> What is expected: In the entries below, begin at the line with "YJHome Pull Out" and stop after the line with "Pimms Drinks Station"; output those lines exactly and omit the pictures.

(Source data)
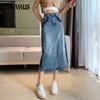 Spring and Summer Collision Denim Skirt Half-body Skirt  Women's Medium-length High-waisted Open A-line Skirt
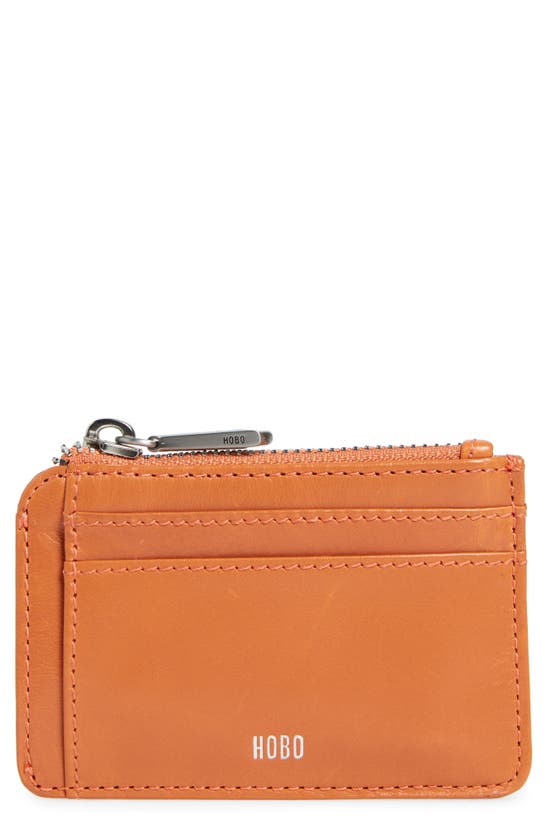 Hobo Kai Leather Cardholder In Orange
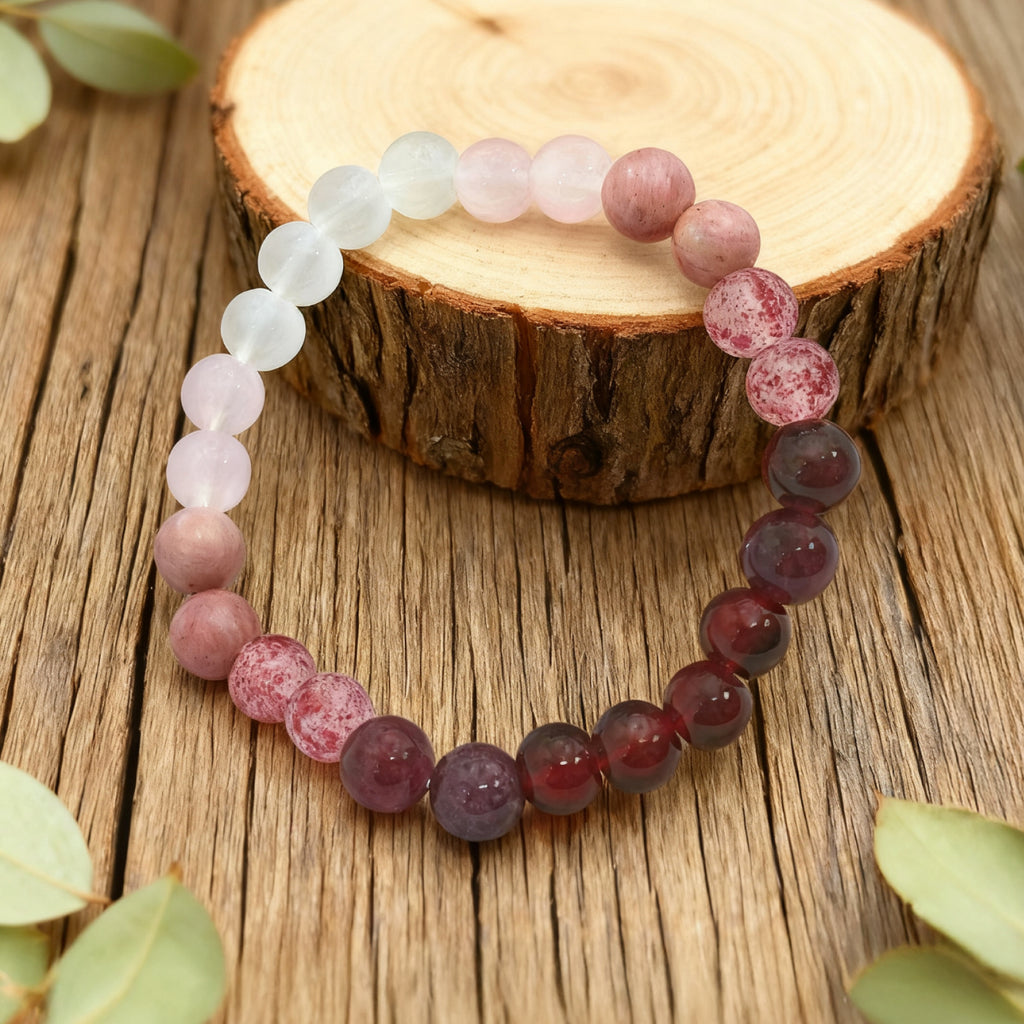 Bracelet de perles « Lien » — Mélange de grenats roses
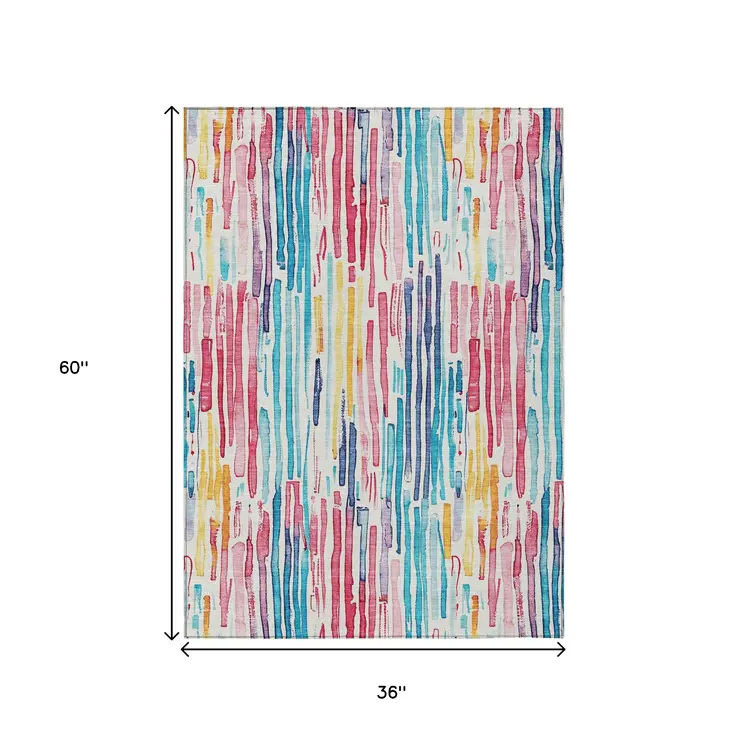 3' X 5' White Pink Teal Blue And Yellow Striped Washable Indoor Outdoor Area Rug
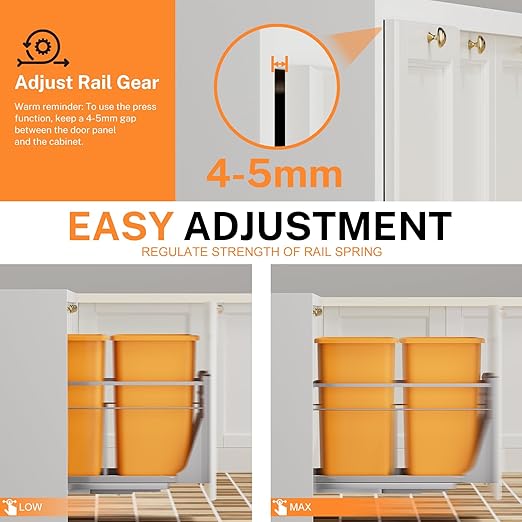 YJHome Pull Out Trash Can Under Cabinet with Push to Open Slides, Garbage Can Not Included, Double Cabinet Trash Can Pull Out Kit with Door Mounting Kit, Requires Minimum Cabinets Opening 18" W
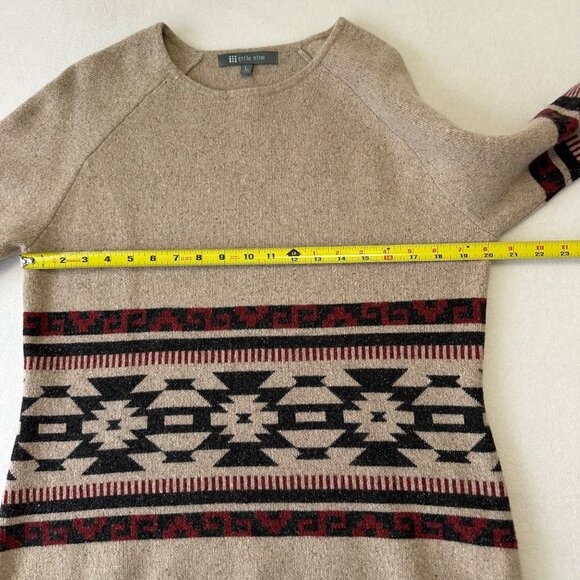 Title Nine Por Vida 2.0 Sweater Womens Large Hermosa Stripe Merino Wool Silk Tan - Picture 8 of 9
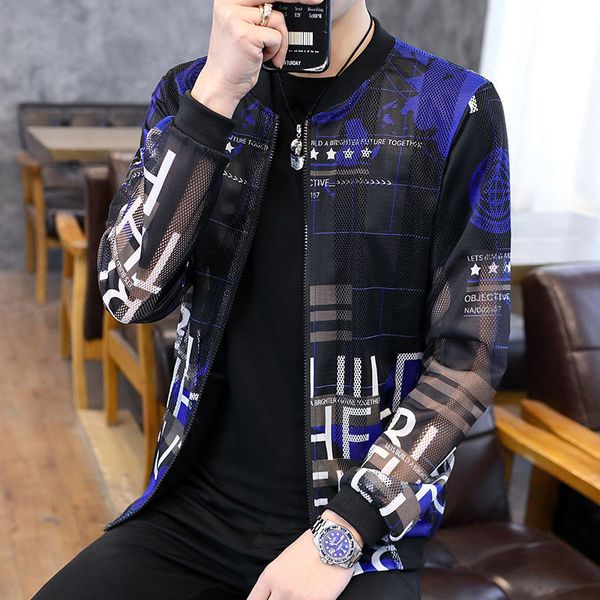 

pierced transparent bomber jacket men sun protection clothing windbreaker summer thin men plaid jackets slim fit mens coats, Black;brown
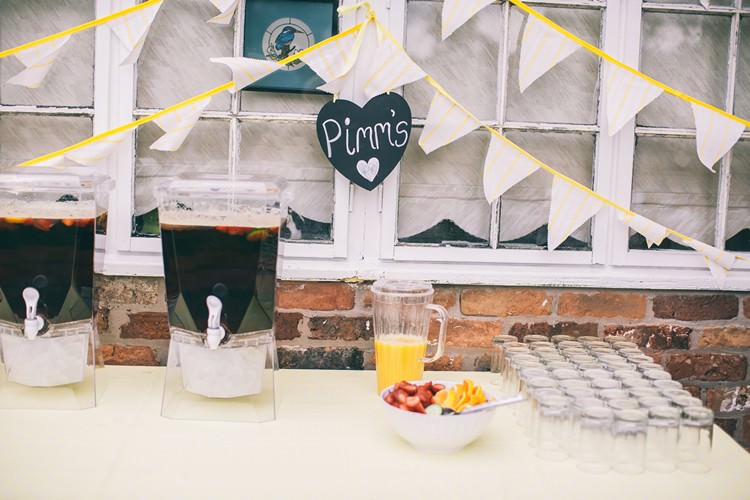 Pimms Drinks Station Bar Bohemian Home Made Farm Wedding http://www.jessyarwood.co.uk/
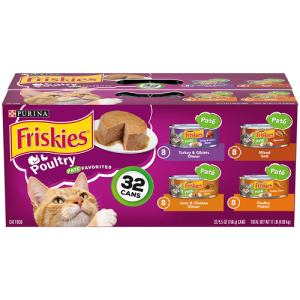 Friskies Poultry Favorites Cat Food Variety Pack, 5.5 oz Cans (32 Pack)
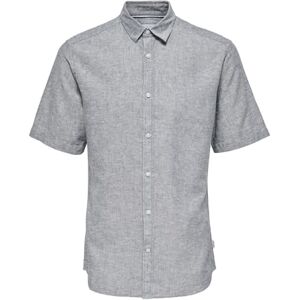 Only & Sons kortärmad skjorta linne för män, klänning blues, S Only & Sons kortärmad skjorta linne för män, klänning blues, S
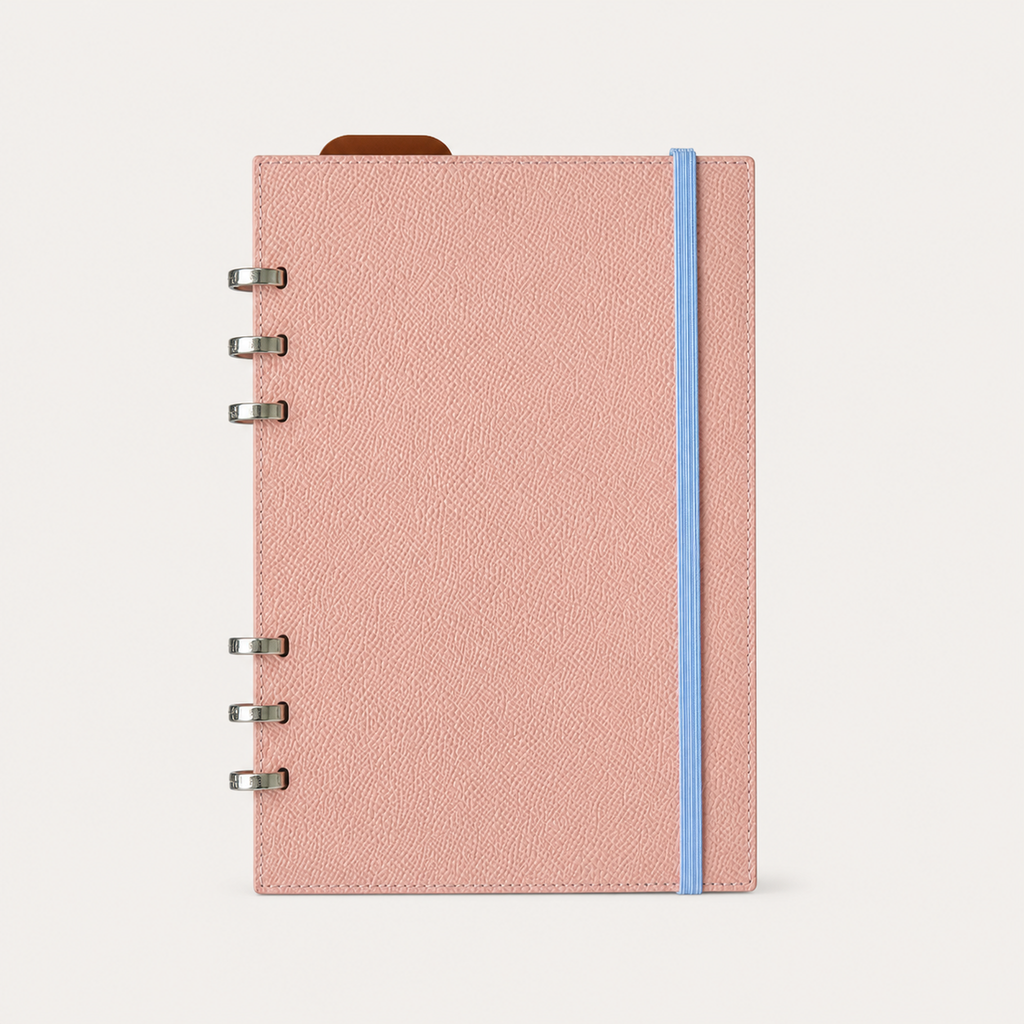 Blush pink A5 leather Smart Ring binder with a light blue elastic band closure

> Finished task:
 YJHome Pull Out Trash Can Under Cabinet with Push to Open Slides, Garbage Can Not Included, Double Cabinet Trash Can Pull Out Kit with Door Mounting Kit, Requires Minimum Cabinets Opening 18" W
 Title Nine Por Vida 2.0 Sweater Womens Large Hermosa Stripe Merino Wool Silk Tan - Picture 8 of 9

pierced transparent bomber jacket men sun protection clothing windbreaker summer thin men plaid jackets slim fit mens coats, Black;brown
 Pimms Drinks Station Bar Bohemian Home Made Farm Wedding http://www.jessyarwood.co.uk/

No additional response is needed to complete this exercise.